**** Input for this task

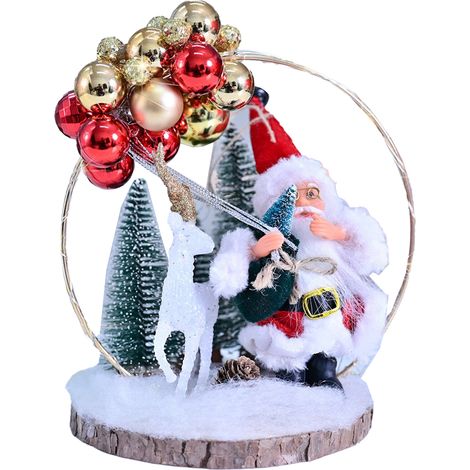 (XM-0036-Ornement de couronne de Père Noël 003) Décoration créative de couronne de Père Noël, base en bois, anneau en fer, figurine de Père Noël, décoration de Noël (1/2)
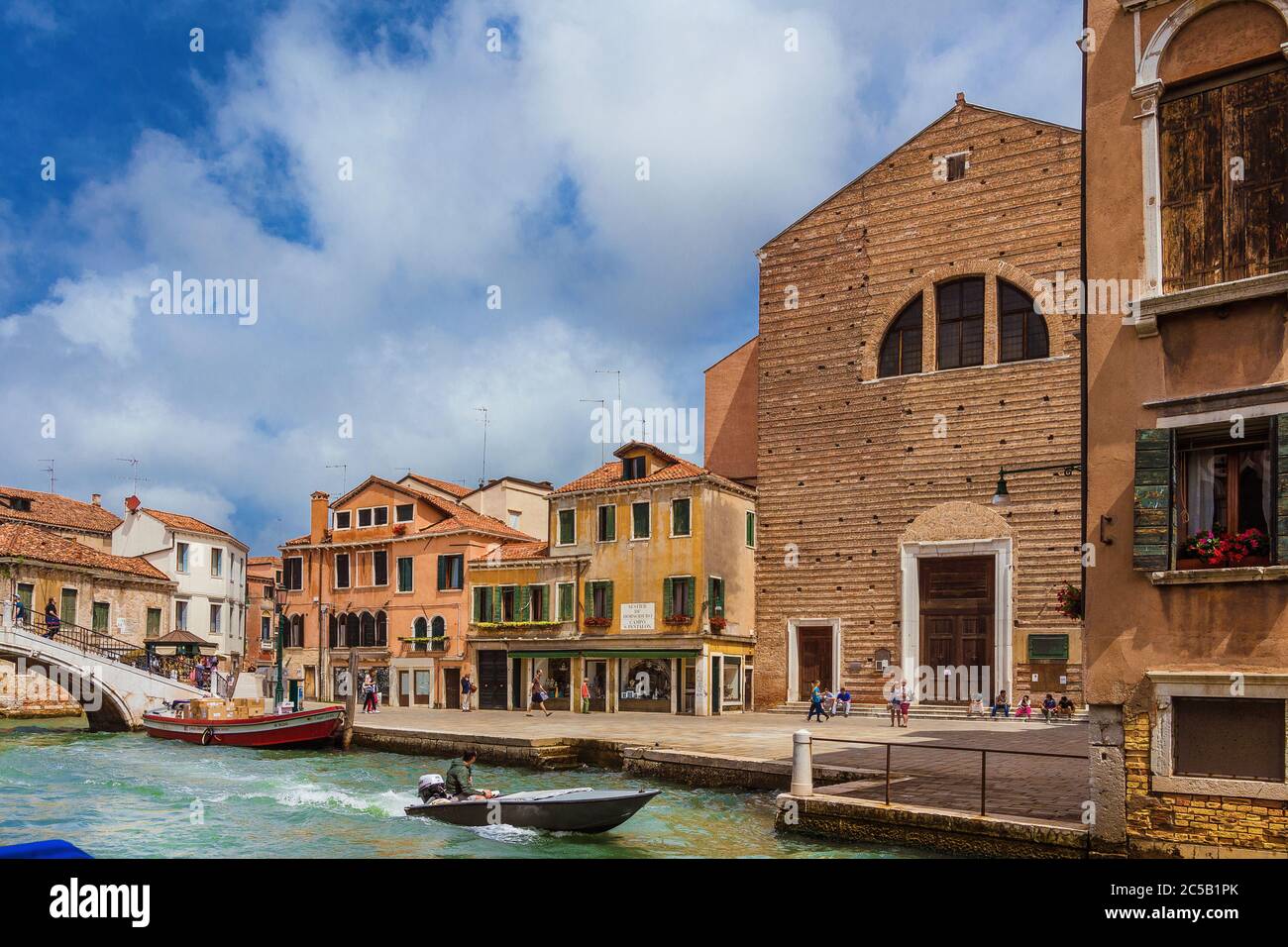 View of Campo San Pantalon Square from Rio Ca Foscari canal in Venice  historic center Stock Photo - Alamy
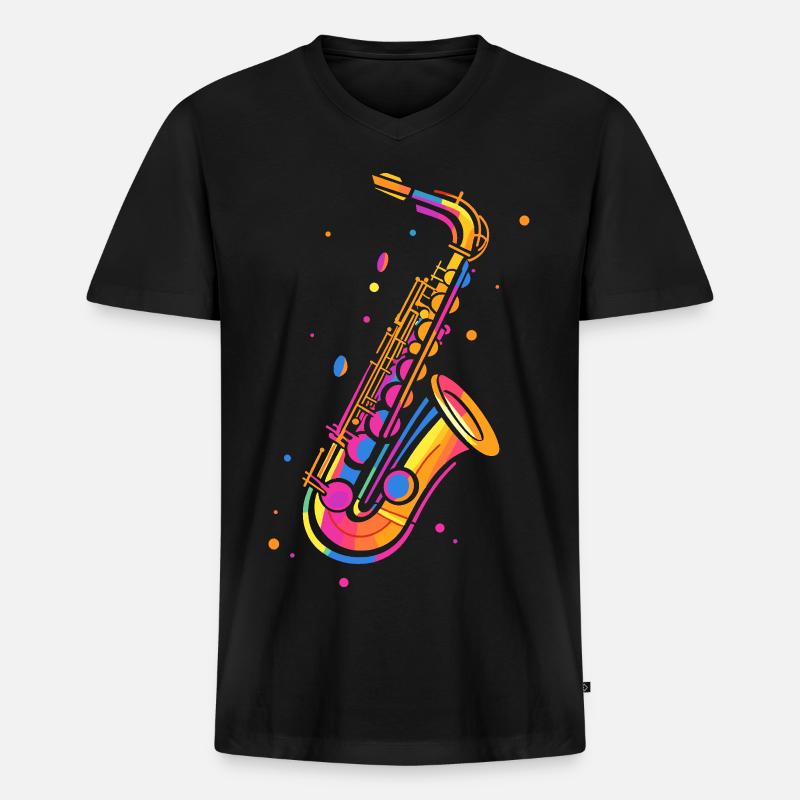 Retro Saxophon - Männer Premium Bio T-Shirt mit V-Ausschnitt - Schwarz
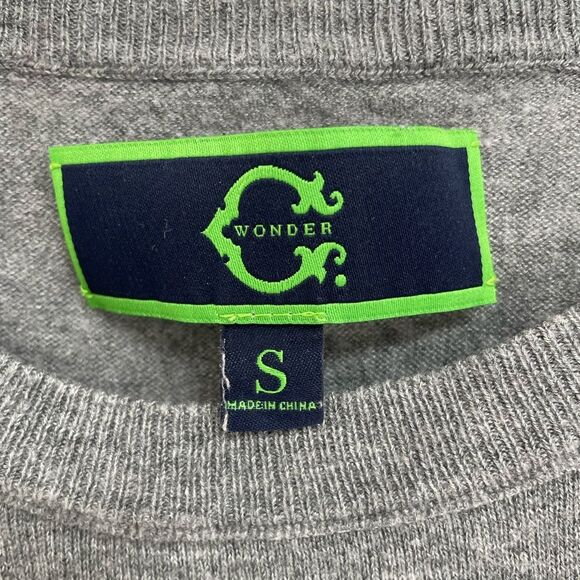 C. Wonder Gray Crew Neck 3/4 Sleeve Merino Wool Blend Sweater Women’s Size S - Picture 3 of 5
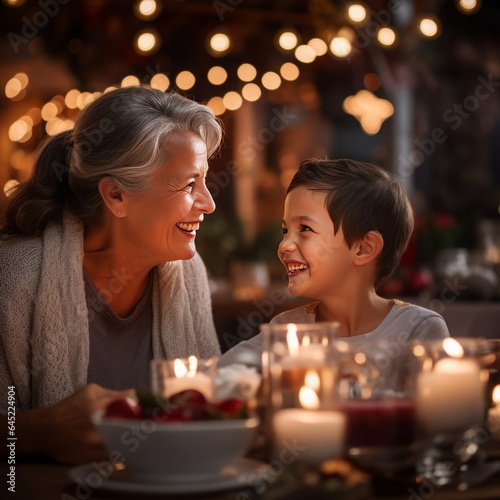 Joyful Christmas Dinner  Grandmother s Smiles with Grandson in a Festive Setting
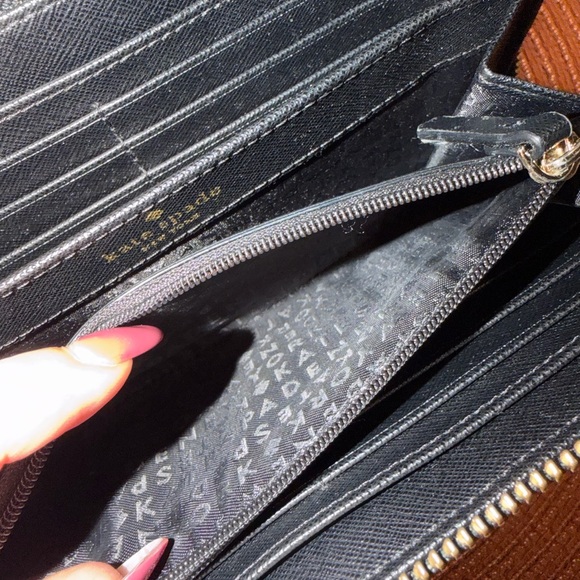 Kate Spade Black Saffiano Leather Zip-Around Accordion Wallet - Picture 8 of 9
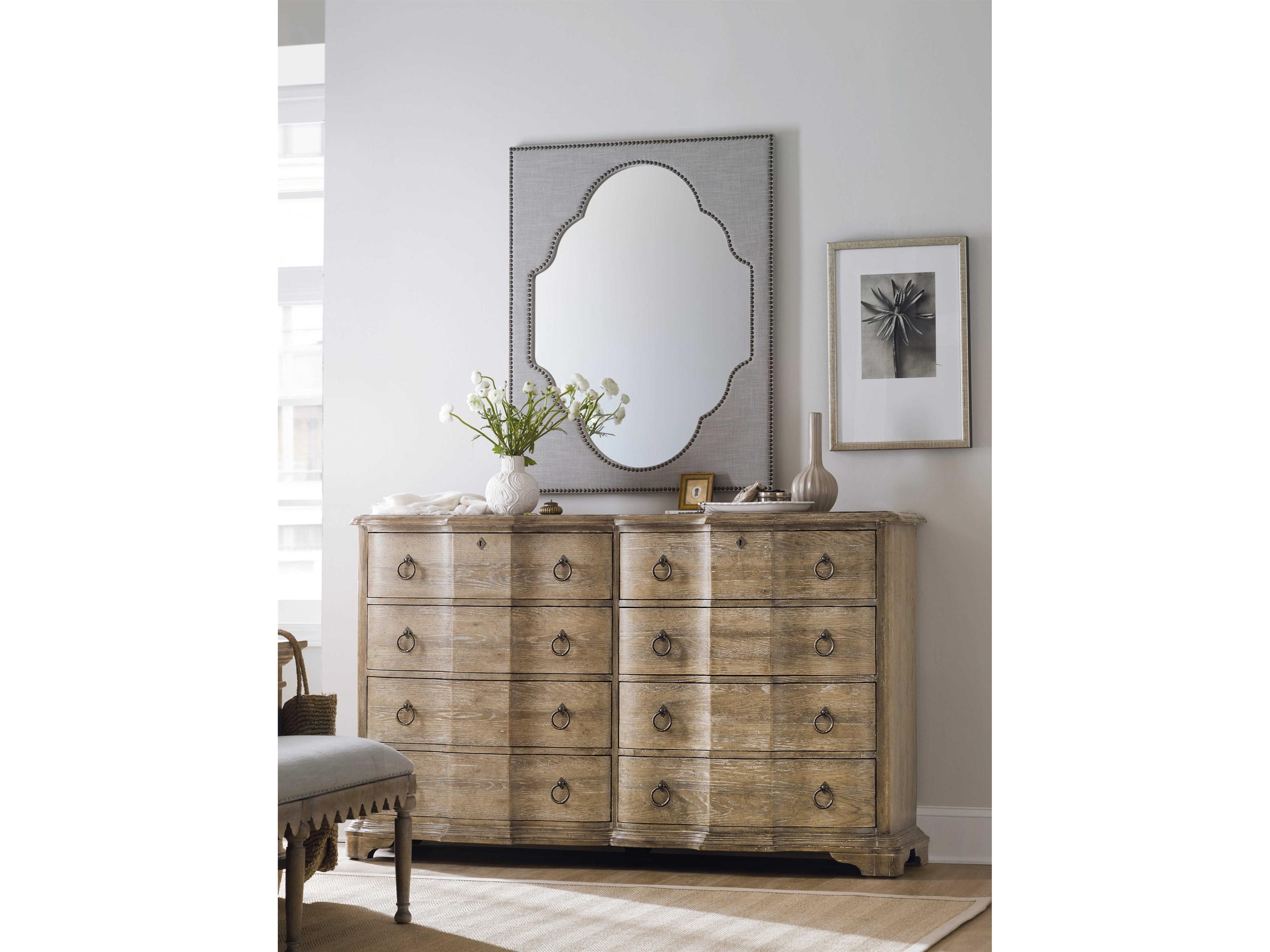Boheme Adante 8-Drawers Brown Cedar Wood Double Dresser with Wall Mirror
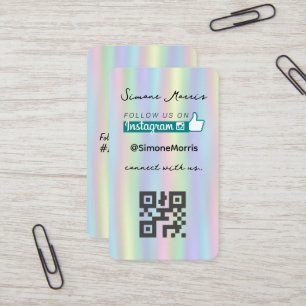 Tarjeta De Visita Diseño holográfico - Social Media QR Code Business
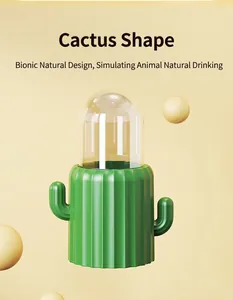 Macro detail of cactus-shaped small pet water dispenser with 3D bionic natural design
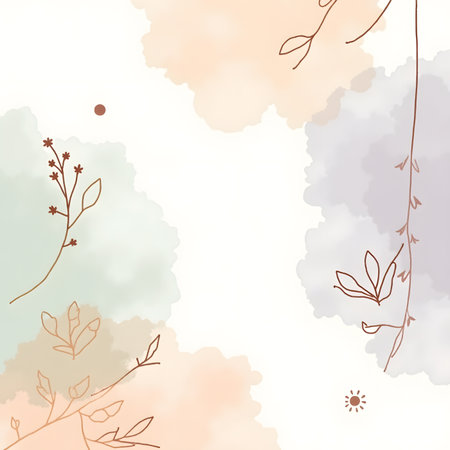 Abstract floral background with hand drawn flowers and leaves. Vector illustration.の素材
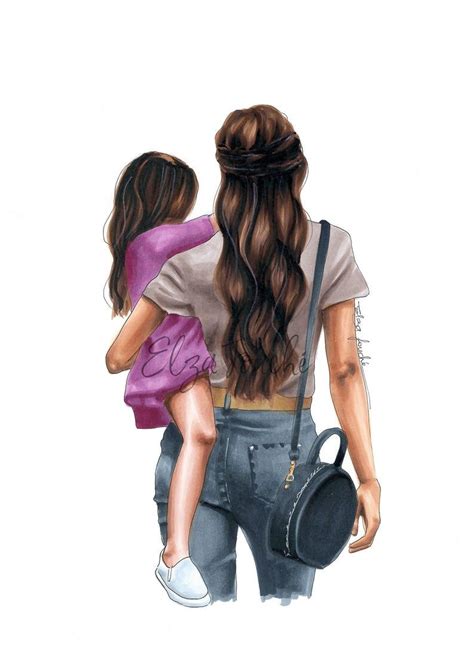 Mother And Daughter Fashion Illustration Mother And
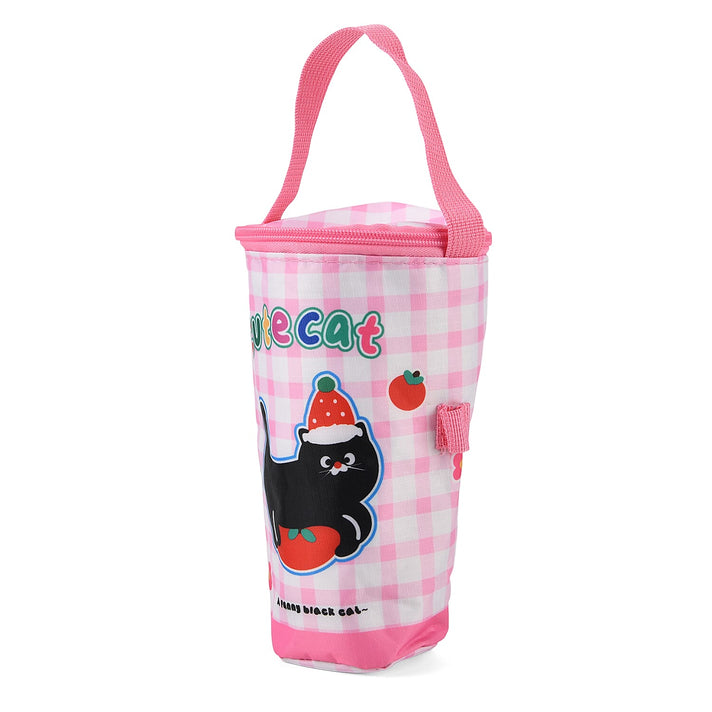 Cute Cartoon Print Insulated Tumbler Travel Mug Bag with Handle &amp; Straw Hole - Navy 8430861 1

********

Problem requirements –
Reproduce, exactly and with no pictures, the lines from the line containing "Abstract floral background" through the closing line of the data above, keeping both ends.

Solution below –
 Abstract floral background with hand drawn flowers and leaves. Vector illustration.の素材
 Mother And Daughter Fashion Illustration Mother And
 Cute Cartoon Print Insulated Tumbler Travel Mug Bag with Handle &amp; Straw Hole - Navy 8430861 1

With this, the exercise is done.